WORLD'S OLDEST DISPUTE
The Kashmir dispute is the oldest unresolved international conflict in the world
today. Pakistan considers Kashmir as its core political dispute with India. So does
the international community, except India. While Indian security forces are
practicing an unprecedented reign of terror in Occupied Kashmir being widely
reported world-wide; the Indian government, currently led by Hindu nationalist
Bharatiya Janata Party, is neither willing to negotiate the issue
multilaterally--through international mediation--nor is it ready to sort it out with
Pakistan through bilateral negotiations. India and Pakistan have already fought two
wars over Kashmir. The exchange of fire between their forces across the Line of
Control, which separates Azad Kashmir from Occupied Kashmir, is a routine affair.

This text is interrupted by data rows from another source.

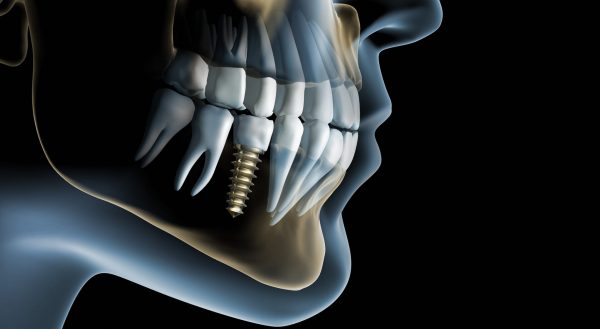 Протезирование при отсутствии одного зуба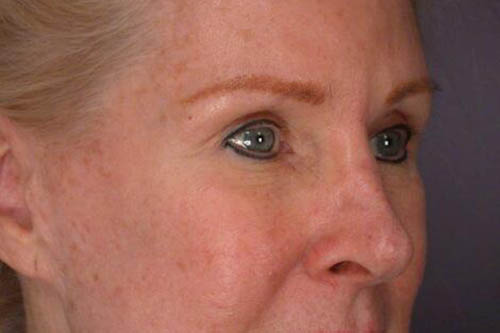 Eyelid Surgery Before & After Image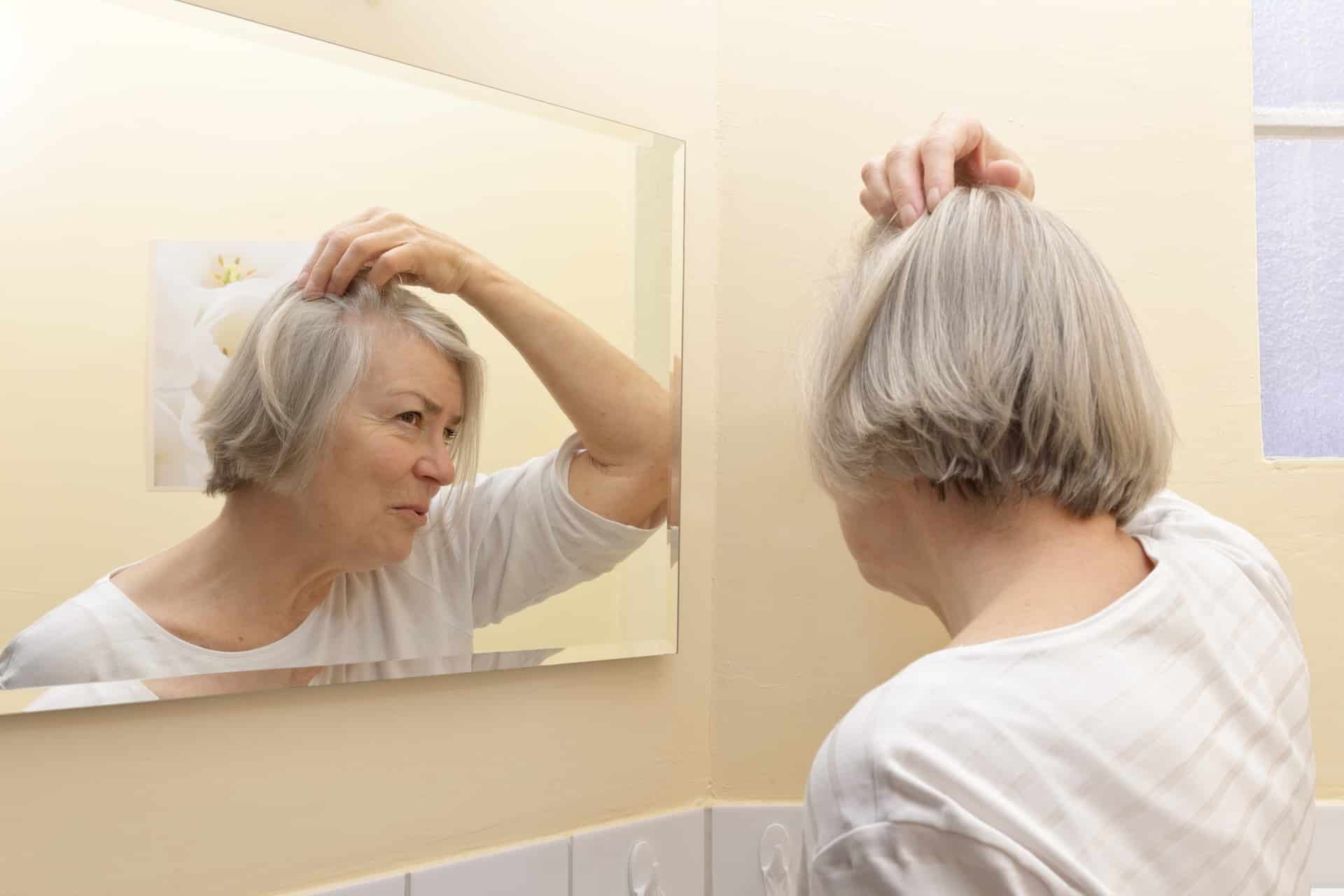 Image of Hair Loss / Alopecia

Now that both India and Pakistan have acquired nuclear weapons potential, the
possibility of a third war between them over Kashmir, which may involve the use
of nuclear weapons, cannot be ruled out. The likely nuclear disaster in South Asia,
whose cause may be Kashmir, can be averted with an intervention by the
international community. Such an intervention is urgently required to put an end to
Indian atrocities in Occupied Kashmir and prepare the ground for the
implementation of UN resolutions, which call for the holding of a plebiscite to
determine the wishes of the Kashmiri people.
CAUSE OF THE DISPUTE
Indias forcible occupation of the State of Jammu and Kashmir in 1947 is the main
cause of the dispute. India claims to have 'signed' a controversial document, the
Instrument
of Accession, on 26 October 1947 with the Maharaja of Kashmir, in which the Maharaja
obtained India's military help against popular insurgency. The people of Kashmir and
Pakistan
do not accept the Indian claim. There are doubts about the very existence of the
Instrument of
Accesion. The United Nations also does not consider Indian claim as legally valid: it
recognises Kashmir as a disputed territory. Except India, the entire world community
recognises Kashmir as a disputed territory. The fact is that all the principles on the
basis of
which the Indian subcontinent was partitioned by the British in 1947 justify Kashmir
becoming
a part of Pakistan: the State had majority Muslim population, and it not only enjoyed
geographical proximity with Pakistan but also had essential economic linkages with the
territories constituting Pakistan.
HISTORY OF THE DISPUTE
The State of Jammu and Kashmir has historically remained independent, except in the
anarchical conditions of the late 18th and first half of the 19th century, or when
incorporated in
the vast empires set up by the Mauryas (3rd century BC), the Mughals (16th to 18th
century)
and the British (mid-19th to mid-20th century). All these empires included not only
present-day India and Pakistan but some other countries of the region as well. Until 1846,
Kashmir was part of the Sikh empire. In that year, the British defeated the Sikhs and sold
Kashmir to Gulab Singh of Jammu for Rs. 7.5 million under the Treaty of Amritsar. Gulab
Singh, the Mahraja, signed a separate treaty with the British which gave him the status of
an
independent princely ruler of Kashmir. Gulab Singh died in 1857 and was replaced by Rambir
Singh (1857-1885). Two other Marajas, Partab Singh (1885-1925) and Hari Singh
(1925-1949) ruled in succession.
Gulab Singh and his successors ruled Kashmir in a tyrannical and repressive way. The
people of Kashmir, nearly 80 per cent of whom were Muslims, rose against Maharaja Hari
Singh's rule. He ruthlessly crushed a mass uprising in 1931. In 1932, Sheikh Abdullah
formed
Kashmir's first political party--the All Jammu & Kashmir Muslim Conference (renamed as
National Conference in 1939). In 1934, the Maharaja gave way and allowed limited democracy
in the form of a Legislative Assembly. However, unease with the Maharaja's rule continued.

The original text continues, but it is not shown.